Set down, please, exactly the lines below that run from the line with "[MP4/733MB]小欣奈 91大神的嫩蘿玩物 性癮白絲中華娘" to the line with "НГМГ 06.030.001 корпус.", both lines included.

--- INFORMATION SUPPLIED Enclosed Below ---

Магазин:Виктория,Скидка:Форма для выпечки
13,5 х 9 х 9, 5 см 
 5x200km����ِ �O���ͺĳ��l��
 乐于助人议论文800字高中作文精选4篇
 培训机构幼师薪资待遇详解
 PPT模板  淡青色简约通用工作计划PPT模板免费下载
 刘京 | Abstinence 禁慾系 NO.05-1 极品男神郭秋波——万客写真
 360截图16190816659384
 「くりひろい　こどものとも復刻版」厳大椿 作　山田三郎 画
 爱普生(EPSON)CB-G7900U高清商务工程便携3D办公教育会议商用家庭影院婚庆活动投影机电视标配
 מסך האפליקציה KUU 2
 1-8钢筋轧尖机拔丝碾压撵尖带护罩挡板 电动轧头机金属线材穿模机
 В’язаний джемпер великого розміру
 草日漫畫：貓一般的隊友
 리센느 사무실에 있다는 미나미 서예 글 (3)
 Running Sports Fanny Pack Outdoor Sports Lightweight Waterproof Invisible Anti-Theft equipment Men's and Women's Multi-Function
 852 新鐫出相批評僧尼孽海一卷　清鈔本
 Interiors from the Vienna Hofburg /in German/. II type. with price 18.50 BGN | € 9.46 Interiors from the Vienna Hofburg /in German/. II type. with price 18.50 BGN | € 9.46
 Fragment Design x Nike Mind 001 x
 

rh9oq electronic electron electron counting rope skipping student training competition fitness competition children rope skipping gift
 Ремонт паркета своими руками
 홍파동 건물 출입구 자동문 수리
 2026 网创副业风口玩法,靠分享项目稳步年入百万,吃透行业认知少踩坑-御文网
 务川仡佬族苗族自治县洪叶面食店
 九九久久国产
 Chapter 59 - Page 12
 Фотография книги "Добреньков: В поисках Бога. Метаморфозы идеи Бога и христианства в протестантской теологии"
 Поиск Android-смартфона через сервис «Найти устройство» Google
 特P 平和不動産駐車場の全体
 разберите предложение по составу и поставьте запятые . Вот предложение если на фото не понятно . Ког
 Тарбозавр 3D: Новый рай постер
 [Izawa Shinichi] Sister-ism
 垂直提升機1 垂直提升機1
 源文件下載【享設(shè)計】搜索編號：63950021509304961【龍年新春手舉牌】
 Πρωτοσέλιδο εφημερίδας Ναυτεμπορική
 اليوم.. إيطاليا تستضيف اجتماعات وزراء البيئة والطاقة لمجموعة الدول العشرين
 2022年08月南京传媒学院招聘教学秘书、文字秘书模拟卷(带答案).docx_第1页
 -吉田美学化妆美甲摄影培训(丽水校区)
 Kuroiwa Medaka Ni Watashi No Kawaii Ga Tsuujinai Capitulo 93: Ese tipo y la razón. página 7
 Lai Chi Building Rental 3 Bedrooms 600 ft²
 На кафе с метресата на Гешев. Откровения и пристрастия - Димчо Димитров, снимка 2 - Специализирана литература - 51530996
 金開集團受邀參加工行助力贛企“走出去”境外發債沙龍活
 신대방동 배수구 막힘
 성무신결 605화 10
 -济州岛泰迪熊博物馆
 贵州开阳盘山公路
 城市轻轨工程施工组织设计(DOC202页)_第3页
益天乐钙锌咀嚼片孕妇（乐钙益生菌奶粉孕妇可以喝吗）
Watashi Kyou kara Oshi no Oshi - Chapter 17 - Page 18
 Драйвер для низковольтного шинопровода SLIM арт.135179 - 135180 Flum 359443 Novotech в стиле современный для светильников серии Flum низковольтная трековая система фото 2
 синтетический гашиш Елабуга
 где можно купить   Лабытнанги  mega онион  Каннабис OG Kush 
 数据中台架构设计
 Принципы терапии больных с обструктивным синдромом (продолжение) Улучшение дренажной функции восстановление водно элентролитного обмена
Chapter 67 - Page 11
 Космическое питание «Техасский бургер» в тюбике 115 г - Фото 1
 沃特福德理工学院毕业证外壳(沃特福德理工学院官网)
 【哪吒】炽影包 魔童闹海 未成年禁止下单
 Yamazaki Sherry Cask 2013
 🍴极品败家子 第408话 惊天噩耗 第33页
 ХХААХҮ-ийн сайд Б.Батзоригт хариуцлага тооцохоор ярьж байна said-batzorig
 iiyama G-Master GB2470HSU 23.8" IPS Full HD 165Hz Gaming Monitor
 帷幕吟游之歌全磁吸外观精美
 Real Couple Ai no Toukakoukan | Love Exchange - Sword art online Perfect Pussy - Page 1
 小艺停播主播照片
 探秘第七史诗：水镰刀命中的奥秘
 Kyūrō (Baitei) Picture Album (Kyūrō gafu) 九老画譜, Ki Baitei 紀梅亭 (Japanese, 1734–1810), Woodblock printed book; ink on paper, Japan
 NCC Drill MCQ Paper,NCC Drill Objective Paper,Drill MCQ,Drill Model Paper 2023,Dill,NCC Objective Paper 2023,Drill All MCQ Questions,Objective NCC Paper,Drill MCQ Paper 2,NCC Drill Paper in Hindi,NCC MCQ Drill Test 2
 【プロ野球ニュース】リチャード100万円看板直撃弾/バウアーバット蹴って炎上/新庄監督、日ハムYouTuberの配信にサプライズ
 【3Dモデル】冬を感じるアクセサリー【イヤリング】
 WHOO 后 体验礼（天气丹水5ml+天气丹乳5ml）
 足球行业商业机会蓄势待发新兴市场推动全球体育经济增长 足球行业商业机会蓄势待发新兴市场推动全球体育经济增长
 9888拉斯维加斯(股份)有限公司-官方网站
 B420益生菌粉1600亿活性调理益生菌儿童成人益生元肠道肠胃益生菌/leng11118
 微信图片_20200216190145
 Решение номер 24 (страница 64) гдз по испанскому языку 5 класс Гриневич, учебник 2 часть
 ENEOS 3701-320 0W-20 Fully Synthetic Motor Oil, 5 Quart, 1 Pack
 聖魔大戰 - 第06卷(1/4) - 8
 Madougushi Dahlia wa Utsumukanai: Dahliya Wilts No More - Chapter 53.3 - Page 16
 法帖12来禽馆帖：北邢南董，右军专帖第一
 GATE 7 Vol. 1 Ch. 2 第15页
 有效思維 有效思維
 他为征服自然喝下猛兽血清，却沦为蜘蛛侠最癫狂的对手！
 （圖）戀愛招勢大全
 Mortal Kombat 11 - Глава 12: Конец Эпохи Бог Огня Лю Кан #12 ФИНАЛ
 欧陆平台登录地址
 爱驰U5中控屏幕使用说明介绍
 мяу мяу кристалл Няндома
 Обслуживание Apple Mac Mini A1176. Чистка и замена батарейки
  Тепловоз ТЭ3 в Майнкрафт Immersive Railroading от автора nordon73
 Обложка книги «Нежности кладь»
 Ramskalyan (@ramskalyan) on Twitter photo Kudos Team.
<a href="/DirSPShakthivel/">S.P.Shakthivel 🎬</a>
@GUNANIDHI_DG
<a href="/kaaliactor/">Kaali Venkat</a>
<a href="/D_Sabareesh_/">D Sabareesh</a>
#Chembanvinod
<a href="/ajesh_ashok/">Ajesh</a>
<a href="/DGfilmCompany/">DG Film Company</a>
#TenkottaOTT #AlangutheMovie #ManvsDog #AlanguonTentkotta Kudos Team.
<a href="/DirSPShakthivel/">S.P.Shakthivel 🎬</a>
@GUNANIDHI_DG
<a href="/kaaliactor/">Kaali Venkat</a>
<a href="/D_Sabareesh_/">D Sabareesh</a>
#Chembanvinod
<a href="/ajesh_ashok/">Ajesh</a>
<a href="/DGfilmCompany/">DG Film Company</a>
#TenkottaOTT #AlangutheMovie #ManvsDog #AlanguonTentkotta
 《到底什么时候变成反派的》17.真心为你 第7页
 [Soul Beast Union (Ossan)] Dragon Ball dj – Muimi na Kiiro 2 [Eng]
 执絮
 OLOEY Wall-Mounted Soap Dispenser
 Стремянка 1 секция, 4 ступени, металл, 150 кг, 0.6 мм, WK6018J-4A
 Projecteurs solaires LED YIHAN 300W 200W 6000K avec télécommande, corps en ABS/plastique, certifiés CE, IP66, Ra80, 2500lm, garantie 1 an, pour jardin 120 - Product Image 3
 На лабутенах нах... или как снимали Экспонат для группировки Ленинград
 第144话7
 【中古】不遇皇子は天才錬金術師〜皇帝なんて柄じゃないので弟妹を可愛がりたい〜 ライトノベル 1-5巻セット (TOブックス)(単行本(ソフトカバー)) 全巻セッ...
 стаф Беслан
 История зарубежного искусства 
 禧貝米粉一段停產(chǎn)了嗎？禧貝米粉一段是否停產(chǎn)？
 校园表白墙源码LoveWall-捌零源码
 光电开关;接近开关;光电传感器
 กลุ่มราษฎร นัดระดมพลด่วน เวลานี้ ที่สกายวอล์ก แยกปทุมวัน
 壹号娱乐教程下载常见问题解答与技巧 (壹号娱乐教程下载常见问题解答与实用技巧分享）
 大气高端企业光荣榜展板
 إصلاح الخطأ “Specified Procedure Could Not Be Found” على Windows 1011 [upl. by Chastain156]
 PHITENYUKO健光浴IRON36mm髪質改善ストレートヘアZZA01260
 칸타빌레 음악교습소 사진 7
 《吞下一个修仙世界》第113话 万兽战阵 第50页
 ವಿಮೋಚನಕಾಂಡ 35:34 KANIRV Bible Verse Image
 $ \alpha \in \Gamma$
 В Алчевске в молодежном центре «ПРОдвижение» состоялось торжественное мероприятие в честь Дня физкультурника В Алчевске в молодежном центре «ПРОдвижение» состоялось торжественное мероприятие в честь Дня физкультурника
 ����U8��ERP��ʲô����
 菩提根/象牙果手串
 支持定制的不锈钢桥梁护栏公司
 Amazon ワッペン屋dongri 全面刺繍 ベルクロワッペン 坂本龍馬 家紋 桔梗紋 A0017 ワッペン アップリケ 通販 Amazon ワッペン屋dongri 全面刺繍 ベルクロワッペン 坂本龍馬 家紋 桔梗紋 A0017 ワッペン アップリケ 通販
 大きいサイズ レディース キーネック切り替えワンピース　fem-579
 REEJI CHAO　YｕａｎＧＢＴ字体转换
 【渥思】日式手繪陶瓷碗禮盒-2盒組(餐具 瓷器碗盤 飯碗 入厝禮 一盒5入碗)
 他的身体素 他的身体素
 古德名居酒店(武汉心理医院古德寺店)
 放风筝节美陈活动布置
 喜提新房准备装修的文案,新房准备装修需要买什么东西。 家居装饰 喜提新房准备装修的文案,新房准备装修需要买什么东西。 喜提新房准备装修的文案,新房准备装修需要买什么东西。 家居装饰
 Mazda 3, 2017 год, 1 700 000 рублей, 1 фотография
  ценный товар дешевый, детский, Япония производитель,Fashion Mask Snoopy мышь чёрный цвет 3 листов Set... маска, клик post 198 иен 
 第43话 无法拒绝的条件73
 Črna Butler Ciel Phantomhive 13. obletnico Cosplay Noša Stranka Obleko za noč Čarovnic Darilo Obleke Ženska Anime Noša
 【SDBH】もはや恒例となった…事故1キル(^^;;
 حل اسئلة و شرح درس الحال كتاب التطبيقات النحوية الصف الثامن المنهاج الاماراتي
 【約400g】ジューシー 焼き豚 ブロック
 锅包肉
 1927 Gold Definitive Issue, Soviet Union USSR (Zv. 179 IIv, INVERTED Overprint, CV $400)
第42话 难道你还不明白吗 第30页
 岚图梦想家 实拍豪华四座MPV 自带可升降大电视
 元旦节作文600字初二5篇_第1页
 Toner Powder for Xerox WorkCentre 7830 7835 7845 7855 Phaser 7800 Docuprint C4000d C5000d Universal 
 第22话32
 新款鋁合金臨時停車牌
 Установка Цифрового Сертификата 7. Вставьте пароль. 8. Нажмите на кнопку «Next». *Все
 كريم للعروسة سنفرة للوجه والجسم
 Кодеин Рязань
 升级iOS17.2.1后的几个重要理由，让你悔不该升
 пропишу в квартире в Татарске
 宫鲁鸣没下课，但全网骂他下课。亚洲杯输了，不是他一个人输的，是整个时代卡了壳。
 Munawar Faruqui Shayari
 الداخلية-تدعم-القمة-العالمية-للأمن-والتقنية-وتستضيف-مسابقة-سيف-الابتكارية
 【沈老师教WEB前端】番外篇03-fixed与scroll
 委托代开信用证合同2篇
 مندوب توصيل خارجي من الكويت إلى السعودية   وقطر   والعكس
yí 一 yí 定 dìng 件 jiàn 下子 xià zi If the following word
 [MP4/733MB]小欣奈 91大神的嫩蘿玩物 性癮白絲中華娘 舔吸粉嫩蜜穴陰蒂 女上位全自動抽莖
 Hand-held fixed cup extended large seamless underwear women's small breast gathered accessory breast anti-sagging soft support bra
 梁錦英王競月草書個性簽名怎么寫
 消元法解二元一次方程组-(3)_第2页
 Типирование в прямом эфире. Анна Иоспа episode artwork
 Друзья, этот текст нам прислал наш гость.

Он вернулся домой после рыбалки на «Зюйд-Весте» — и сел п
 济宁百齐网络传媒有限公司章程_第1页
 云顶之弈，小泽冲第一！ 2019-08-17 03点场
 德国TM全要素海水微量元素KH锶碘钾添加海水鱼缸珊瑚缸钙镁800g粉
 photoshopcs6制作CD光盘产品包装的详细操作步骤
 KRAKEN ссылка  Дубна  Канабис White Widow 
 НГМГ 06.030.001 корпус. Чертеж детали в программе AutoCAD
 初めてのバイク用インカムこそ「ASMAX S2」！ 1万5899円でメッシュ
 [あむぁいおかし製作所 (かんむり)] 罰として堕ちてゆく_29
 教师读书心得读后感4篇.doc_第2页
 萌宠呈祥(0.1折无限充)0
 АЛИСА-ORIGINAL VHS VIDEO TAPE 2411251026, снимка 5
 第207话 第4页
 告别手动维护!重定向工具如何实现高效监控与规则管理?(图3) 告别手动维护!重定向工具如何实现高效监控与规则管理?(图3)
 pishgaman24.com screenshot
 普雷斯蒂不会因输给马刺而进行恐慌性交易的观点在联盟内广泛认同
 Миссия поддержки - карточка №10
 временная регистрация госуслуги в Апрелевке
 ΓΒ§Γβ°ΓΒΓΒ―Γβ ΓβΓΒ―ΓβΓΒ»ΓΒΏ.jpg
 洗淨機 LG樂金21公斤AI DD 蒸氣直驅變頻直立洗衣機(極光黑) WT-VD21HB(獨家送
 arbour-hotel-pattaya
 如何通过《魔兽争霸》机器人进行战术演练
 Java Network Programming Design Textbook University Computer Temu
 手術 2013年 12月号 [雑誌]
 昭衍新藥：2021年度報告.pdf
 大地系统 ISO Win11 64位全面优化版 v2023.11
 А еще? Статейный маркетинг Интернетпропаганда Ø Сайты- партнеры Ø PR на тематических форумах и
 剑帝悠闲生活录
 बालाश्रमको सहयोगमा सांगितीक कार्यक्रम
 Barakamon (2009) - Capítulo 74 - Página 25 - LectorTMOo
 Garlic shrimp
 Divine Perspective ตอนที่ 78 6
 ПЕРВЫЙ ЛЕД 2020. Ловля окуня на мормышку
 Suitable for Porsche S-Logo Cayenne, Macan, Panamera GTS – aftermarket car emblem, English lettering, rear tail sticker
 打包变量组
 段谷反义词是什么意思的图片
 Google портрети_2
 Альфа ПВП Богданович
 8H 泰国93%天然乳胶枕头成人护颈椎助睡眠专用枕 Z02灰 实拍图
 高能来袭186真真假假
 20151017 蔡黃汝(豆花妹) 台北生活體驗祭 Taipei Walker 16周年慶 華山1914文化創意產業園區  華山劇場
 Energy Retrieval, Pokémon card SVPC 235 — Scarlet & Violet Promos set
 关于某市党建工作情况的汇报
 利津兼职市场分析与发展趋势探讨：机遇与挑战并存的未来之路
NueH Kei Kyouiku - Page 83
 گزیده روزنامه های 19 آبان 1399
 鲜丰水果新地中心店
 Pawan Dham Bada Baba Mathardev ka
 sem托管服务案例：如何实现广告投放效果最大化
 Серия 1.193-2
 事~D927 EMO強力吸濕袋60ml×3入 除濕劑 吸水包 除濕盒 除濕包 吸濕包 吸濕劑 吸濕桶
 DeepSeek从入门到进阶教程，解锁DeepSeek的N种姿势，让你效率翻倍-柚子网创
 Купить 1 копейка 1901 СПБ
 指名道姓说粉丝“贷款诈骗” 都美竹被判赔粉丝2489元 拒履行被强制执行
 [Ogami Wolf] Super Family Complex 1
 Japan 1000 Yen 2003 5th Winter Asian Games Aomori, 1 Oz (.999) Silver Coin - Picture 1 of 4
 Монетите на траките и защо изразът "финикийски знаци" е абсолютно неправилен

--- End of Enclosed INFORMATION SUPPLIED ---

- **TASK RESPONSE**
 [MP4/733MB]小欣奈 91大神的嫩蘿玩物 性癮白絲中華娘 舔吸粉嫩蜜穴陰蒂 女上位全自動抽莖
 Hand-held fixed cup extended large seamless underwear women's small breast gathered accessory breast anti-sagging soft support bra
 梁錦英王競月草書個性簽名怎么寫
 消元法解二元一次方程组-(3)_第2页
 Типирование в прямом эфире. Анна Иоспа episode artwork
 Друзья, этот текст нам прислал наш гость.

Он вернулся домой после рыбалки на «Зюйд-Весте» — и сел п
 济宁百齐网络传媒有限公司章程_第1页
 云顶之弈，小泽冲第一！ 2019-08-17 03点场
 德国TM全要素海水微量元素KH锶碘钾添加海水鱼缸珊瑚缸钙镁800g粉
 photoshopcs6制作CD光盘产品包装的详细操作步骤
 KRAKEN ссылка  Дубна  Канабис White Widow 
 НГМГ 06.030.001 корпус. Чертеж детали в программе AutoCAD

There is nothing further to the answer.